Last year my “one word” for the year was “delve.” (I can’t find that I ever blogged about it, but it was my word in my head, at any rate.)
Delve: “to reach inside a receptacle and search for something.”
I maybe didn’t buy into the one-word process as much as some bloggers, but I did think about it as I talked with my women’s small group and as I wrote here on this blog. I started thinking about my faith in some hard ways, and I thought about who I was and what I want to do with my life. (I didn’t come to any conclusions, for what it’s worth.)
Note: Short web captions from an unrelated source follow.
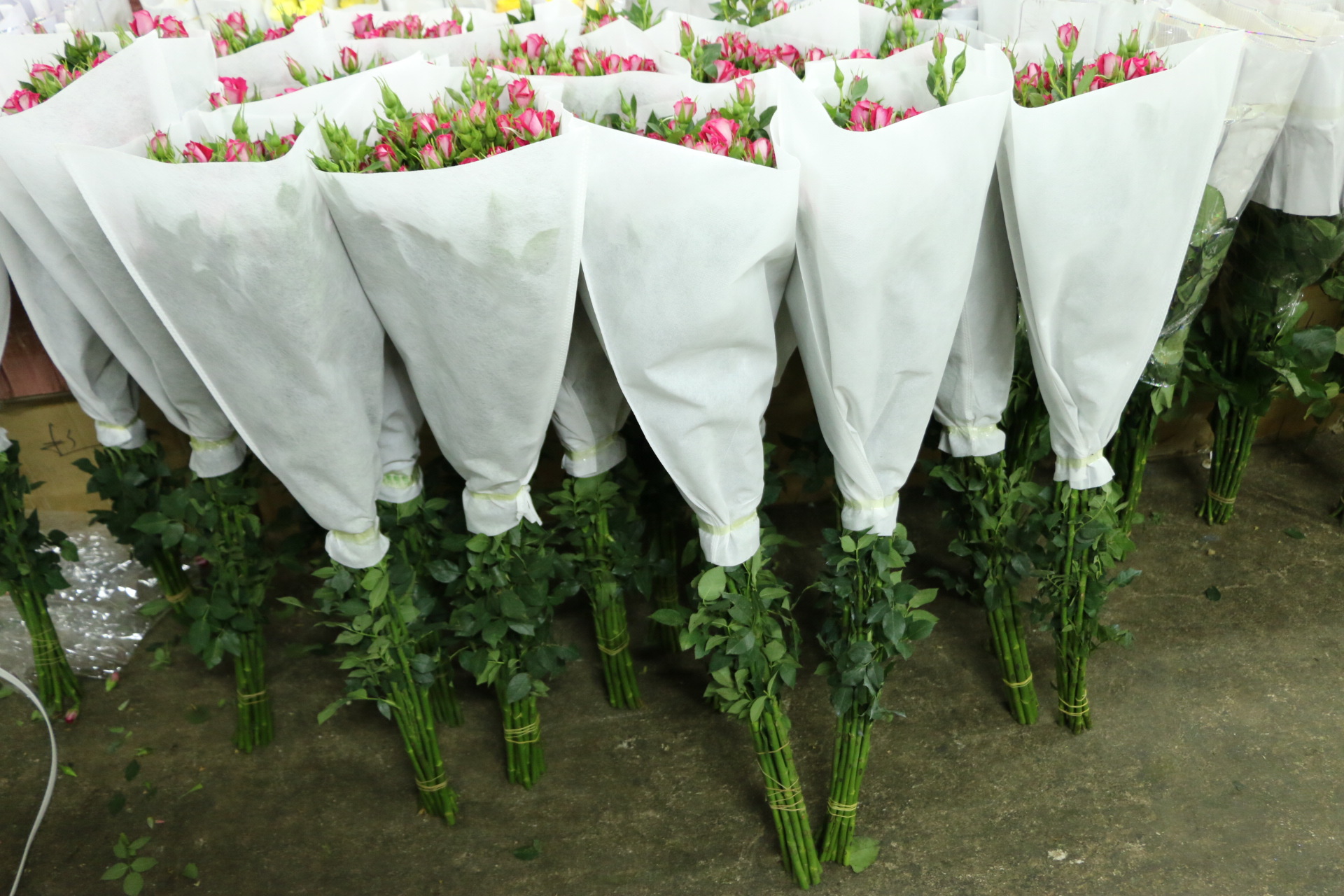 a-b-c 规格:一扎/10枝 高度:30-40厘米 状态:花苞 产地:云南昆明 包装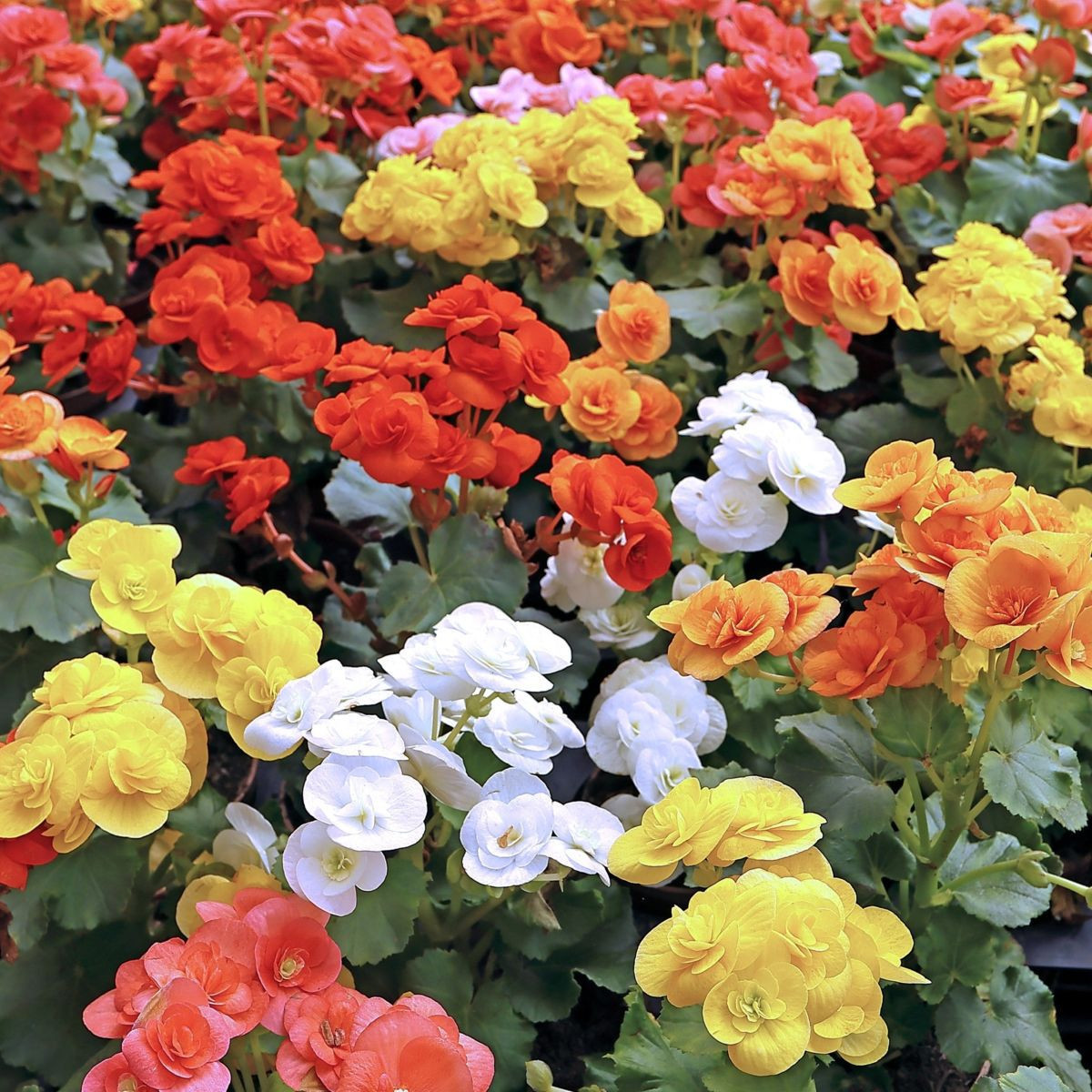 Směs begónií - Begonia mix - cibuloviny - 10 ks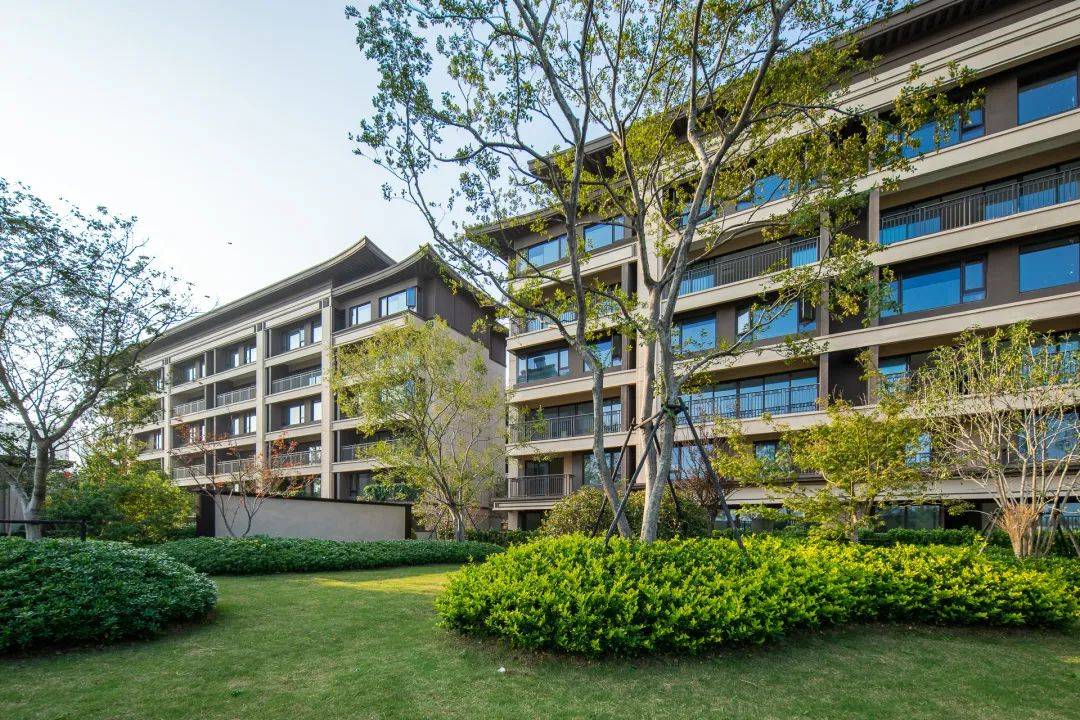 建发致新10月17日龙虎榜数据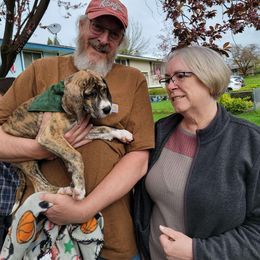 Great Dane Puppies from Phoenix Family Danes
But I just finished reading Daring Greatly by Brene Brown, and I realized something: I’m tired of delving. I’m tired of being vulnerable and over-sharing and wondering what my basis in life is. I really just want to have fun.
And what’s so wrong with that? As I sat and had an emotional breakdown over Brown’s section on perfectionism, it dawned on me that no one other than myself was judging me if my kitchen wasn’t clean. The vast majority of the arbitrary strictures I put on my life are just that: arbitrary and self-imposed. And something just snapped and I decided I wanted to make the fun choice.
To look at the dirty dishes and decide that it is valid not to wash them just now simply because I don’t want to.
To go for a long walk in a new place where I don’t exactly know where to park just because I need to feel the dirt under my feet and look up and see trees.
To pick up takeout instead of cooking dinner.
To stay up just a little too late reading.
I’m not less of a woman or a worse wife if I let myself choose the fun sometimes.
So I’m trying to do that this year. I trust that my hyper-organized, self-critical personality will not let me take this too far and go off the rails, but maybe that would be okay once in awhile too. I’ve never really gone off the rails. Heck, I’ve practically BUILT the rails.
And this year I just want to have fun.